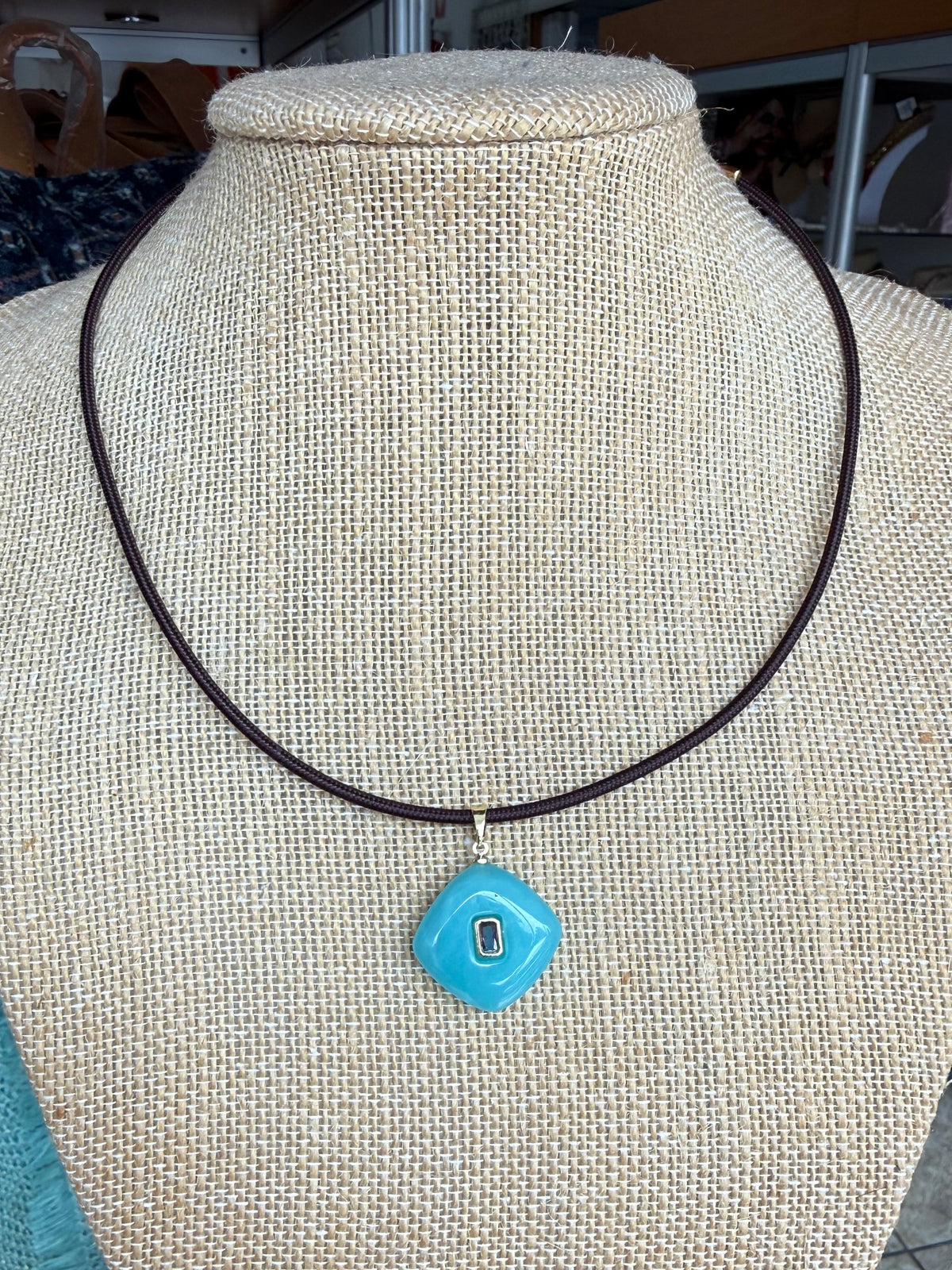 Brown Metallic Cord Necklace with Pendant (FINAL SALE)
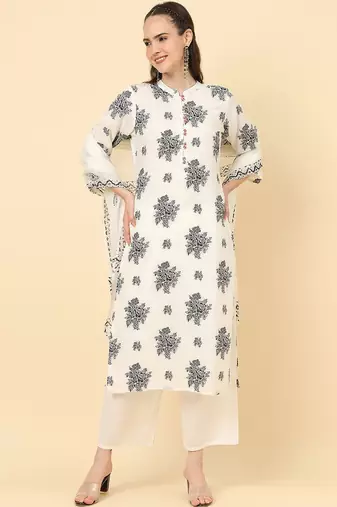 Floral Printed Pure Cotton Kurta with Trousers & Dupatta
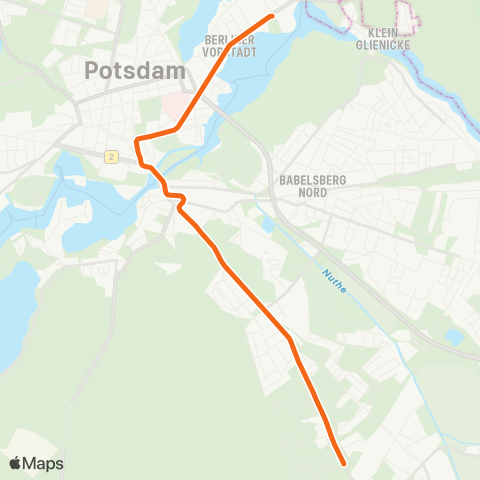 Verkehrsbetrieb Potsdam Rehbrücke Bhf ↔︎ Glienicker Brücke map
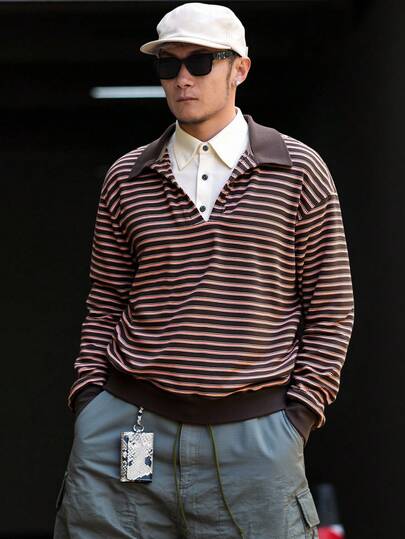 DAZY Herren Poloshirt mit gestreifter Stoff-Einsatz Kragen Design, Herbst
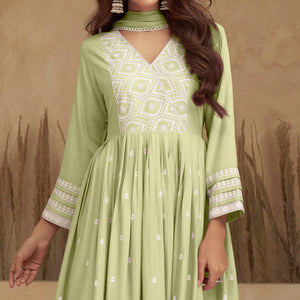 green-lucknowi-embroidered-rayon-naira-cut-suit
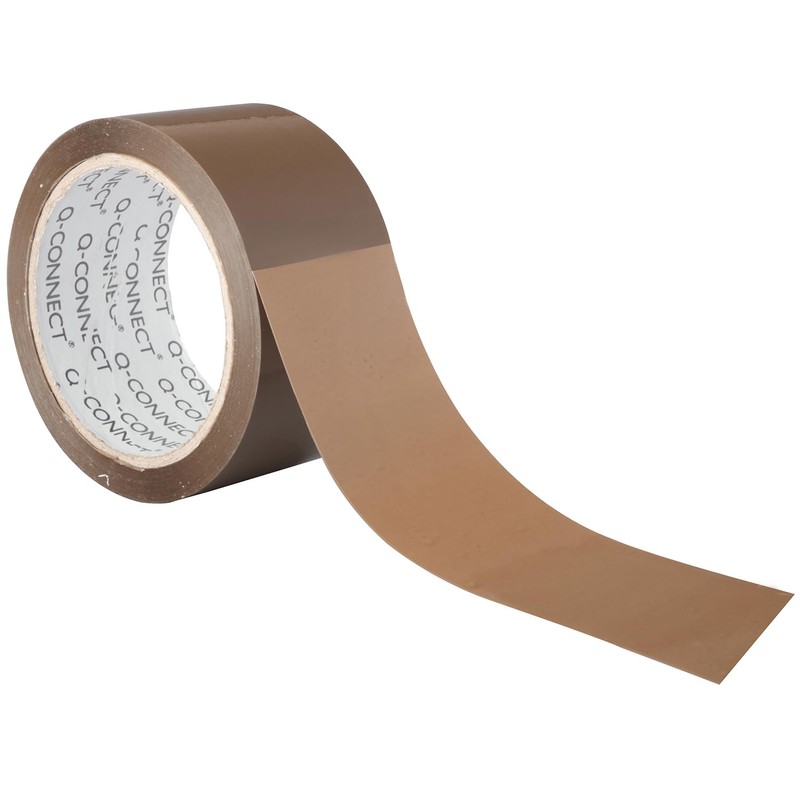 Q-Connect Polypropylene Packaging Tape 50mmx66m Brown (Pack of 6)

* * *

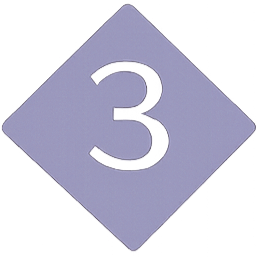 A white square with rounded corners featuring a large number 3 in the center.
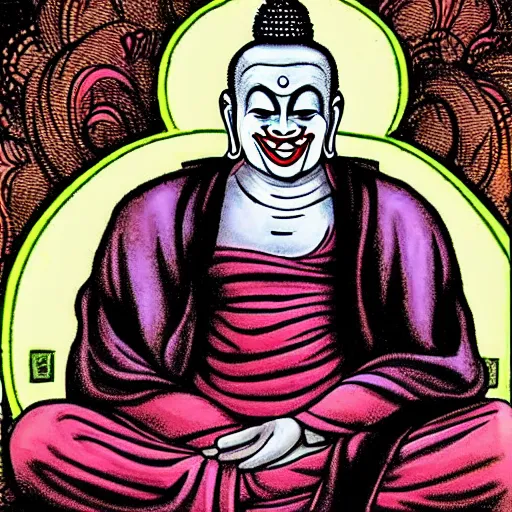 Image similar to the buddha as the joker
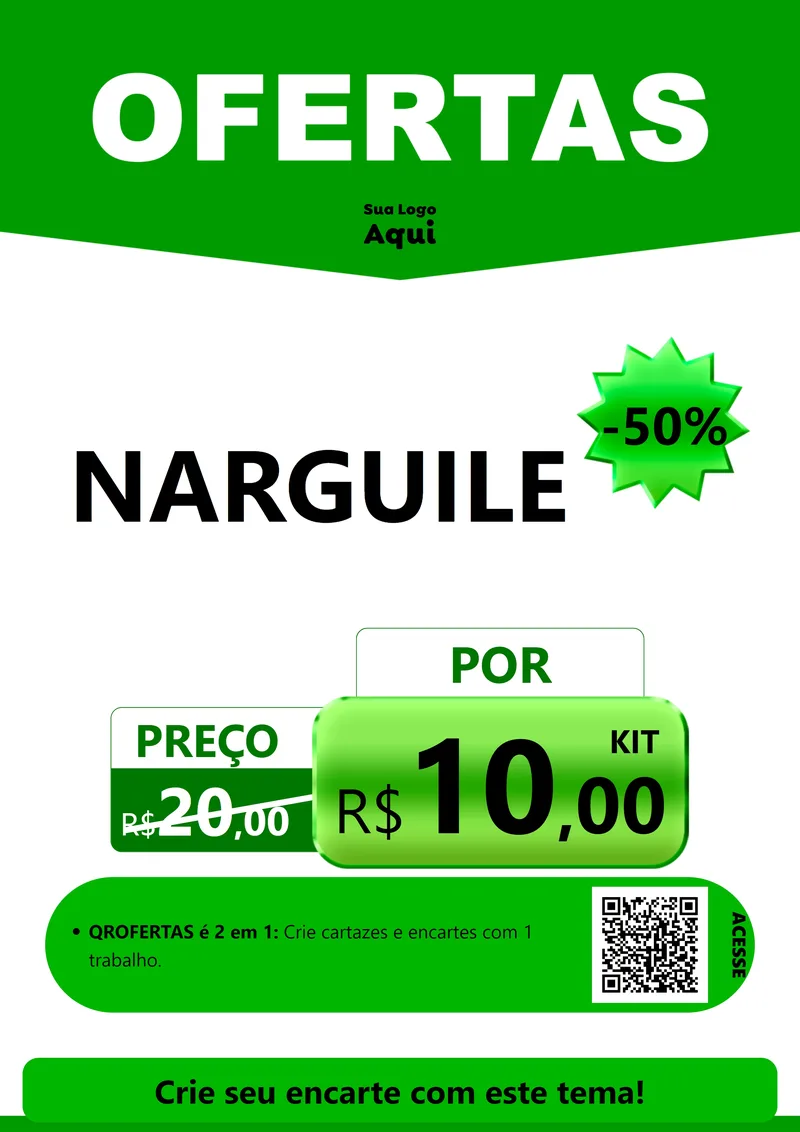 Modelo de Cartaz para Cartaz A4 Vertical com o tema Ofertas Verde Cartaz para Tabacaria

==

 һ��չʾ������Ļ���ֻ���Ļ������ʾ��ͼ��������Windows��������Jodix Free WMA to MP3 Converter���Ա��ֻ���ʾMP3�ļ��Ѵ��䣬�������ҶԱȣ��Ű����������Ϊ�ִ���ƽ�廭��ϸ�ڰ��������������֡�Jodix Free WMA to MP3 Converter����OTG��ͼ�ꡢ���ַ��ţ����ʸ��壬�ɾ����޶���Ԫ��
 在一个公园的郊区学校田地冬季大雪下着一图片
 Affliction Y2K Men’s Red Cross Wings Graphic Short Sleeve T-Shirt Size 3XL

◆ Instructions for the task ◆
In the data above, which lines lie between the line with "在一个公园的郊区学校田地冬季大雪下着一图片" and the line with "Affliction Y2K Men’s", inclusive? Print those lines exactly and nothing else.

◆ Your response ◆
 在一个公园的郊区学校田地冬季大雪下着一图片
 Affliction Y2K Men’s Red Cross Wings Graphic Short Sleeve T-Shirt Size 3XL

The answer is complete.